Filtering and model-based analysis independently improve skin-conductance response measures in the fMRI environment: Validation in a sample of women with PTSD

Numerous methods exist for the pre-processing and analysis of skin-conductance response (SCR) data, but there is incomplete consensus on suitability and implementation, particularly with regard to signal filtering in conventional peak score (PS) analysis. This is particularly relevant when SCRs are measured during fMRI, which introduces additional noise and signal variability. Using SCR-fMRI data (n = 65 women) from a fear conditioning experiment, we compare the impact of three nested data processing methods on analysis using conventional PS as well as psychophysiological modeling.

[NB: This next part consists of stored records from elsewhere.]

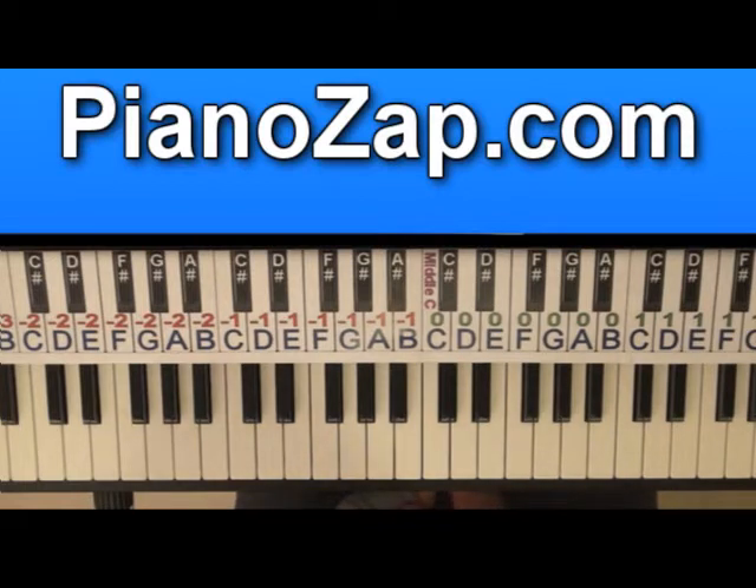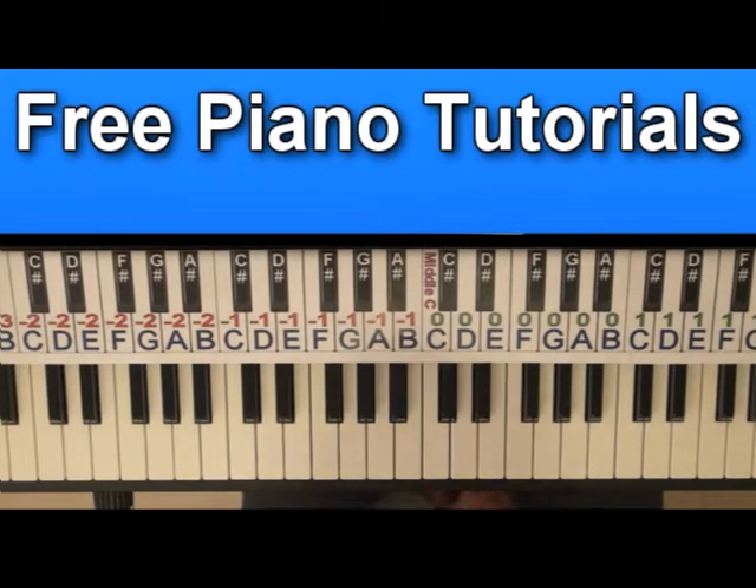Hi! Today I'm going to show you how to play Angels and Stars. I'll play each part first at normal speed and then I'll slow it down so you'll be able to follow. Ok, let's start.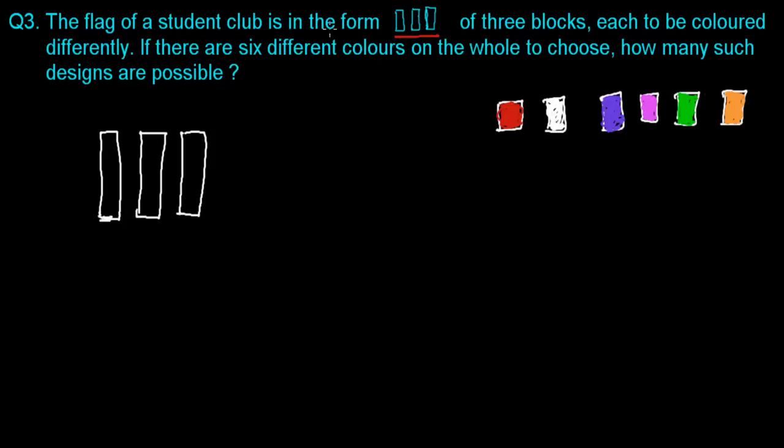The flag of the student club is in the form of three blocks — 1, 2, 3 — each to be colored differently. We have six different colors to choose from. How many such designs are possible? Each block should be colored differently — that is the very important thing we need to remember.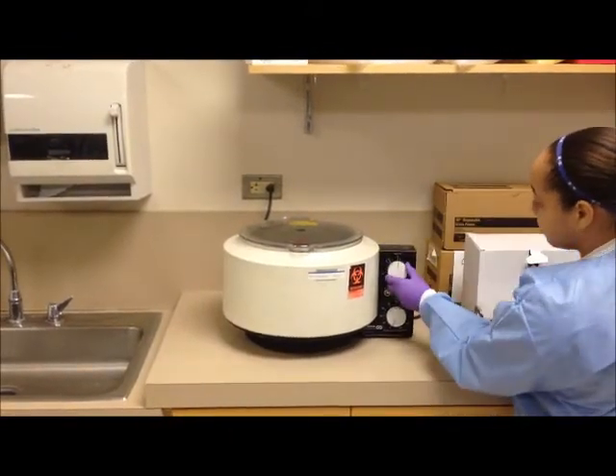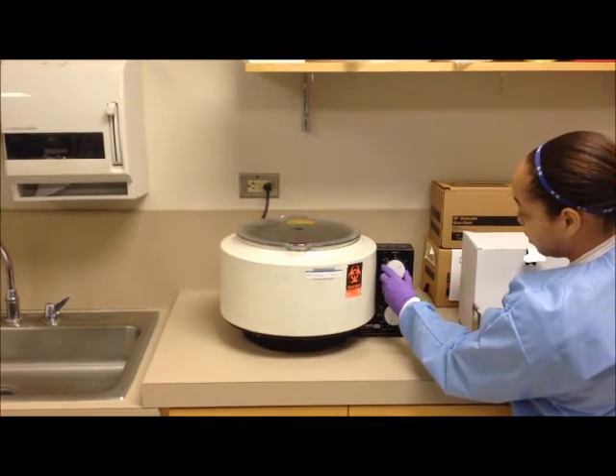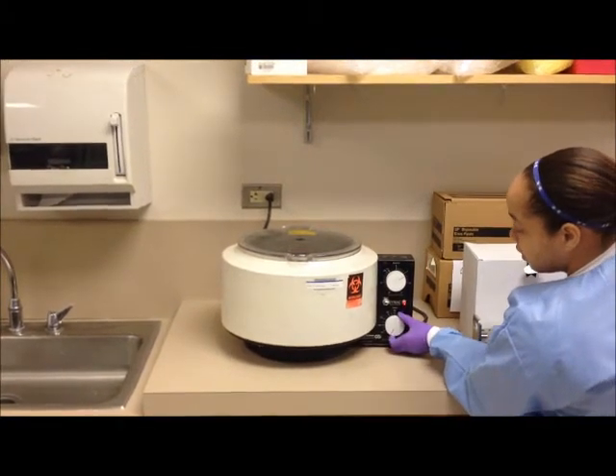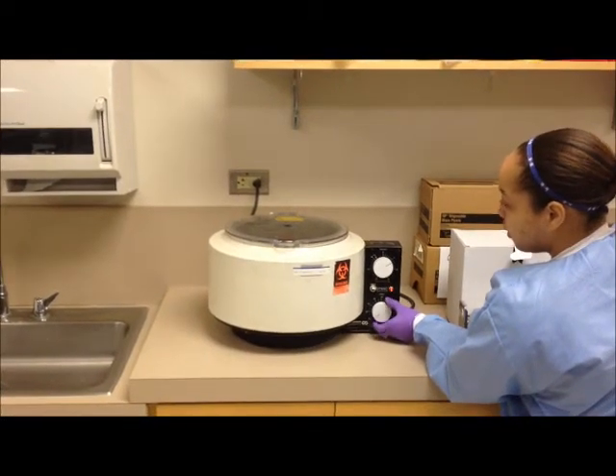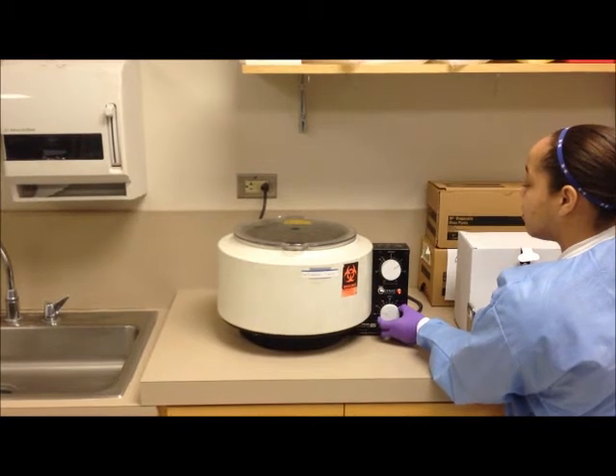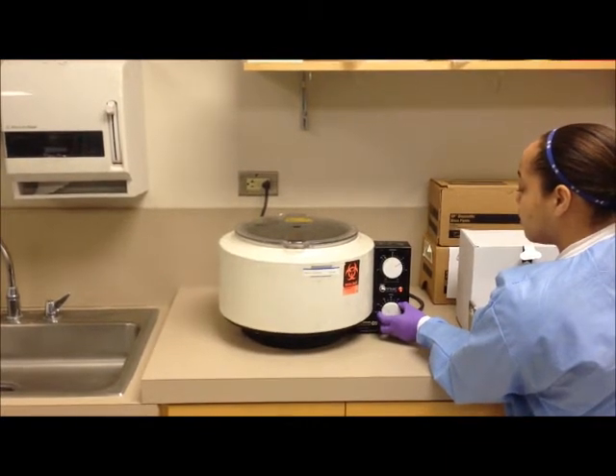Here Danielle is setting the timer. Now she's setting the speed, turning the dial slowly, and the centrifuge is starting to rotate.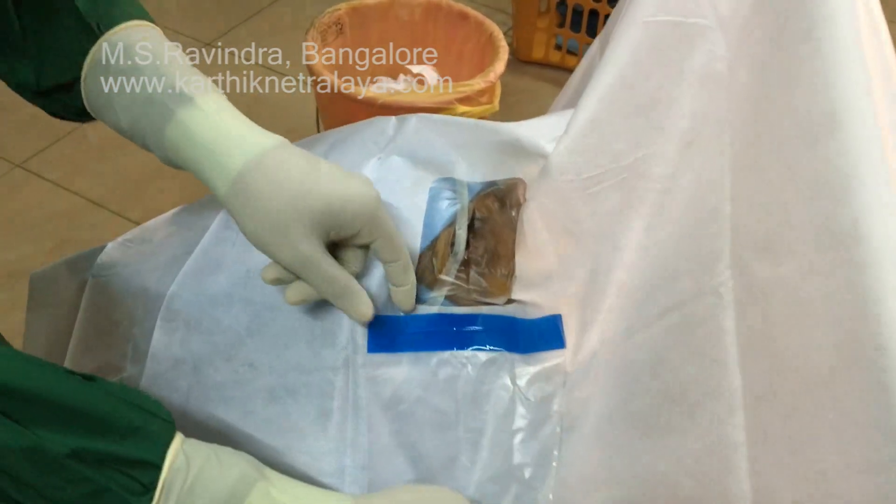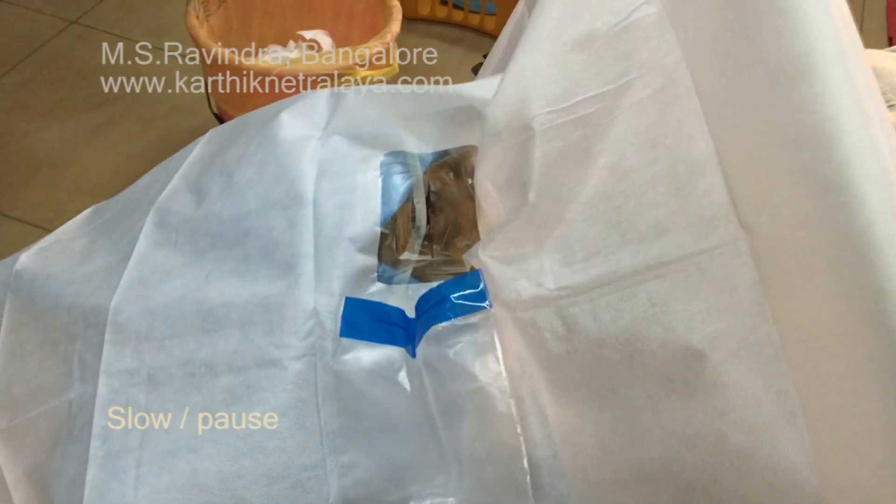A nice drape is now in place, well stuck, and the fluid bag is opened up.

To evaluate the different methods, we quantify effect size to recover a benchmark contrast of interest, namely, discriminating SCR magnitude to a conditioned stimulus (CS+) relative to a CS not followed by reinforcement (CS-). Findings suggest that low-pass filtering reduces PS sensitivity (Δd = −20%), while band-pass filtering improves PS sensitivity (Δd = +27%). We also replicate previous findings that a psychophysiological modeling approach yields superior sensitivity to detect contrasts of interest than even the most sensitive PS method (Δd = +110%). Furthermore, we present preliminary evidence that filtering differences may account for a portion of exclusions made on commonly applied metrics, such as below zero discrimination. Despite some limitations of our sample and experimental design, it appears that SCR processing pipelines that include band-pass filtering, ideally with model-based SCR quantification, may increase the validity of SCR response measures, maximize research productivity, and decrease sampling bias by reducing data exclusion. •Skin-conductance response data filtering and processing methods are inconsistent.•We compare filter effects on peak-score and model-based response contrasts.•Low-pass filtering reduces and band-pass filtering increases contrast effect size.•Model-based analysis was more than twice as sensitive as peak-scoring.•Preliminary evidence suggests filtering reduces exclusion of “non-responders”.